The ESL is currently collected by insurers on behalf of the NSW Government and is included as part of NSW Home, Motor and Fire and Industrial Special Risks insurance policies. The Government had proposed to remove the ESL from being collected through this insurance and instead be replaced by a Fire and Emergency Services Levy (FESL) to be paid alongside local council rates (the rate would be based on the unimproved land value). The change was set to take place from 1 July 2017 (it had been legislated in March).
 
A month before the change was to come into effect the Government announced an indefinite delay to the plan. In announcing the deferment, the Premier noted that the change would have made the ESL system fairer for residential property owners but would not have been fair on small-to-medium size businesses or those in the commercial and industrial sectors. 
 
The proposed FESL would not only see a change in the way the monies were collected, but would see all property owners paying the levy, including those whose property is uninsured.

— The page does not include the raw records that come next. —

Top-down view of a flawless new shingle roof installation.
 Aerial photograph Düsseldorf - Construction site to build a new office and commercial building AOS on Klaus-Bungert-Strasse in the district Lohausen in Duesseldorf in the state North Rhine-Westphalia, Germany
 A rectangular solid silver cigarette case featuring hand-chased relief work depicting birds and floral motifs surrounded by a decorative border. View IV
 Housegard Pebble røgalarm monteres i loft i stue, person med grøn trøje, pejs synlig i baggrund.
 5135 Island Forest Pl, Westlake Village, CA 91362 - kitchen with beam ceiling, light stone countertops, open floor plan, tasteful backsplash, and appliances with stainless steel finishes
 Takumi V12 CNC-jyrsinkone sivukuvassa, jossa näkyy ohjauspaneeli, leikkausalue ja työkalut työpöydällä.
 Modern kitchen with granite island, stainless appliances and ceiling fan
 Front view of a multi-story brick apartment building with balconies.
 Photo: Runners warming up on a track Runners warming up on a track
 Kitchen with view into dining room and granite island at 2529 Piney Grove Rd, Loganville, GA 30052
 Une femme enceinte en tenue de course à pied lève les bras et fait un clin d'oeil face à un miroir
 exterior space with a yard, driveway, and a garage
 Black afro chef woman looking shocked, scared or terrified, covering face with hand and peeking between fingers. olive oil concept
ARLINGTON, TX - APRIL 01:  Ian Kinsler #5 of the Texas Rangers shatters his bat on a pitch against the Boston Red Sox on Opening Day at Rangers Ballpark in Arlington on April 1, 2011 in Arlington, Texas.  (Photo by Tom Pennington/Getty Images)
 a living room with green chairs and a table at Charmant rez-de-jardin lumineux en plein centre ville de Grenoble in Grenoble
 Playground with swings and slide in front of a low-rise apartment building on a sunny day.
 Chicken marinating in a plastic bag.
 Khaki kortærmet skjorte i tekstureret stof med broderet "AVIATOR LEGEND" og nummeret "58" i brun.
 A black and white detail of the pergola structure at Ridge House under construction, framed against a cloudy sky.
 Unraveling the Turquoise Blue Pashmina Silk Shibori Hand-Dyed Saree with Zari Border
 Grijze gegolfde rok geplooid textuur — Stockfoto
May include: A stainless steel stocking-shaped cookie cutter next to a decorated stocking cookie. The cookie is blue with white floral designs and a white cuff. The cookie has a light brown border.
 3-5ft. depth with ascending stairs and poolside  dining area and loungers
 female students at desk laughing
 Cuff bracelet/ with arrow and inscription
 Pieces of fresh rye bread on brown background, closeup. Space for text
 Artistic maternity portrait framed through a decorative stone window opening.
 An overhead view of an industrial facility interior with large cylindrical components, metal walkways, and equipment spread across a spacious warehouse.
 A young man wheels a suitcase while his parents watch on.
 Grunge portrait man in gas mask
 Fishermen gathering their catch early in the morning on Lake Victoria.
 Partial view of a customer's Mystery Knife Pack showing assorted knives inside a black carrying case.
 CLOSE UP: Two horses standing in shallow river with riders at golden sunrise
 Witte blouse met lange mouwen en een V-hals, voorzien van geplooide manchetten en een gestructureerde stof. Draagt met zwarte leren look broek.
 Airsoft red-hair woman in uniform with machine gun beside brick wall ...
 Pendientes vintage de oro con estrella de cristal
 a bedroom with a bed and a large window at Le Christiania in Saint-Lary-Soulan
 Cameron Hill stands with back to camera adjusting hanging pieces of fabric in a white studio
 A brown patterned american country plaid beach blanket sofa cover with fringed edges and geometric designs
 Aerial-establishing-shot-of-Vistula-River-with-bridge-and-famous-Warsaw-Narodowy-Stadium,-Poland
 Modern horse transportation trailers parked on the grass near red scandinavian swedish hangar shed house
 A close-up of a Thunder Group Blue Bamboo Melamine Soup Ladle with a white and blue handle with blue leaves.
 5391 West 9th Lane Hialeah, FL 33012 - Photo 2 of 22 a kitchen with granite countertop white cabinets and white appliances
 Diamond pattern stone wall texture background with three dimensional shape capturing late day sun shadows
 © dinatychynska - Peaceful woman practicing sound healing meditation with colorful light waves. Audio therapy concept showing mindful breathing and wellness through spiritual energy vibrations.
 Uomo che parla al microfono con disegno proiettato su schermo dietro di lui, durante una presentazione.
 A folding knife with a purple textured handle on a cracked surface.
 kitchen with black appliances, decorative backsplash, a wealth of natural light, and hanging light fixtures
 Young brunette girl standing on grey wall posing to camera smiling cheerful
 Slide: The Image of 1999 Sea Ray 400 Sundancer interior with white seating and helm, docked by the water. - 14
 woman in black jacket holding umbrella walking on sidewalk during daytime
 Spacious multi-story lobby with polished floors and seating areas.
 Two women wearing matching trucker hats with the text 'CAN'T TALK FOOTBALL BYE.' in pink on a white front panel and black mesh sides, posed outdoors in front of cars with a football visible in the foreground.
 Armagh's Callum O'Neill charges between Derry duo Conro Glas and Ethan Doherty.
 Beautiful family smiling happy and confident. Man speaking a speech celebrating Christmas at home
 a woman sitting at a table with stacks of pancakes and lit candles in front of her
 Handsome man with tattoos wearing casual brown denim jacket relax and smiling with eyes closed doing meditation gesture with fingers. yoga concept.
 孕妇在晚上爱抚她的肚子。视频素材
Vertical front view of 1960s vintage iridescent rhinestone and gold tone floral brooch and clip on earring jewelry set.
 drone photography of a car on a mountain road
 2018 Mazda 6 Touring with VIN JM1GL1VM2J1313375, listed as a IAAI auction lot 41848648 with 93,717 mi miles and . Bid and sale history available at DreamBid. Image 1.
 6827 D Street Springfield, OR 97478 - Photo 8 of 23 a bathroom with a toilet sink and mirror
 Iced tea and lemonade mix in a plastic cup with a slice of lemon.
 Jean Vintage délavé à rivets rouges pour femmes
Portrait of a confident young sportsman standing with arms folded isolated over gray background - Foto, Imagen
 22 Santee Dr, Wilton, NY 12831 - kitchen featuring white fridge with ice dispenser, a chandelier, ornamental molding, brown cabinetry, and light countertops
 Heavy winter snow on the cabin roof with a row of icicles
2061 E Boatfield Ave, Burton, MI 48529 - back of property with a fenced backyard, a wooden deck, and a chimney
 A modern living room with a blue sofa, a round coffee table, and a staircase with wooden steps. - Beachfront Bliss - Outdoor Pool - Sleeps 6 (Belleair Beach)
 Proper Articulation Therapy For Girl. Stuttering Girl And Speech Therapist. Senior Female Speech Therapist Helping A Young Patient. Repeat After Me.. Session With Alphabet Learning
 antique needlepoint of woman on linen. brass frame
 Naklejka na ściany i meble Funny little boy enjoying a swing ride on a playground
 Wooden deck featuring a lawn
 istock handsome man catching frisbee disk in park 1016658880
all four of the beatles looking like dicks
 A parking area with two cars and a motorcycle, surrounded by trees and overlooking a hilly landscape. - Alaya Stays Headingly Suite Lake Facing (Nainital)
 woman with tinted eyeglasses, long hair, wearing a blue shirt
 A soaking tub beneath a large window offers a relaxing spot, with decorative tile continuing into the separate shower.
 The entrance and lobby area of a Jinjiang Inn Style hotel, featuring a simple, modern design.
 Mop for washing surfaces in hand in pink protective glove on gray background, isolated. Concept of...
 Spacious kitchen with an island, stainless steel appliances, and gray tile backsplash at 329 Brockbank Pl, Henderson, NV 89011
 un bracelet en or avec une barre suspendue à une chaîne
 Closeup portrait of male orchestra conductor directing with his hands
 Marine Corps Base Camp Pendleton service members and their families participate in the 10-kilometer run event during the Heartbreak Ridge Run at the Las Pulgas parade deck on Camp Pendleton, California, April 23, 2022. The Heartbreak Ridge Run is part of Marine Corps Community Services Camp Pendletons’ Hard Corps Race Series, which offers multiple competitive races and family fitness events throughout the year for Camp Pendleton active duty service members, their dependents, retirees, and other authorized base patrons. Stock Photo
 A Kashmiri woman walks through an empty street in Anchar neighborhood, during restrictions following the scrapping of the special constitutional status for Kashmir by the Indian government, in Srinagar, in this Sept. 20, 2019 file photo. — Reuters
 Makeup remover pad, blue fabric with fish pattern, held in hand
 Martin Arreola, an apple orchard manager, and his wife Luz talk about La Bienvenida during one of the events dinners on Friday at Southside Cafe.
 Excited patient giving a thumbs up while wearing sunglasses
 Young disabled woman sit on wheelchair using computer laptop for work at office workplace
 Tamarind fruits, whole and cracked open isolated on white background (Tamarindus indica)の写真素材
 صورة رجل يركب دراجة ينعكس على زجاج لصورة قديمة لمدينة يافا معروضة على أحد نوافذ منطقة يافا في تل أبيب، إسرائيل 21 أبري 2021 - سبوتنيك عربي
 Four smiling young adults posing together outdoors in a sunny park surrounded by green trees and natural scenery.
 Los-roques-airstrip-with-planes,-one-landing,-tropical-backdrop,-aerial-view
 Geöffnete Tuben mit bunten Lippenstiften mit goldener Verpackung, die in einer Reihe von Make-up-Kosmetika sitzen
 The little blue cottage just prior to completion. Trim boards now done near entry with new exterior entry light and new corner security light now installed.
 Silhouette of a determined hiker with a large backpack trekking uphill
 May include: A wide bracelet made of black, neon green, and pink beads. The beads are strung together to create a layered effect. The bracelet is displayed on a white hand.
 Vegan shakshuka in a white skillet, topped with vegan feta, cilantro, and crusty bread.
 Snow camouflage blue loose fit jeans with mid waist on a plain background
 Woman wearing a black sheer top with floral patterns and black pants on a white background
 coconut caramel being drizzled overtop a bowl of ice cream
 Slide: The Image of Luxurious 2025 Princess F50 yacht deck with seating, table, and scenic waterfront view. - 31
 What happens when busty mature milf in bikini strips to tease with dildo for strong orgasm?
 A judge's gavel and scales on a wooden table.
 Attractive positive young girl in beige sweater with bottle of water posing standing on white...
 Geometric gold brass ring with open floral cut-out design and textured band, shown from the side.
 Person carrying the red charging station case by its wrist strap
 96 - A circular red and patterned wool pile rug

In effect, all property owners would be contributing to the costs of emergency services provision, not just those who had taken responsibility for protecting their property through insurance.
 
The Insurance Council of Australia (ICA) expressed concern over the delay, stating that “insurance companies are shocked and disappointed” and that the decision “will continue to deter the community from taking out the insurance”. Many in the industry considered the ESL a disincentive for full insurance.
 
Until the Government determines the way forward, the ESL will continue to be collected by insurers in NSW. From an insurers’ perspective, the continued collection of the ESL poses a logistical and technical challenge that comes with significant costs – costs that will ultimately passed on in full to policyholders, according to the ICA.
 
The Insurance Monitor will oversee the continuation of the existing system as the State Government works with the insurance industry, local government, fire and emergency services and other stakeholders to determine a new approach.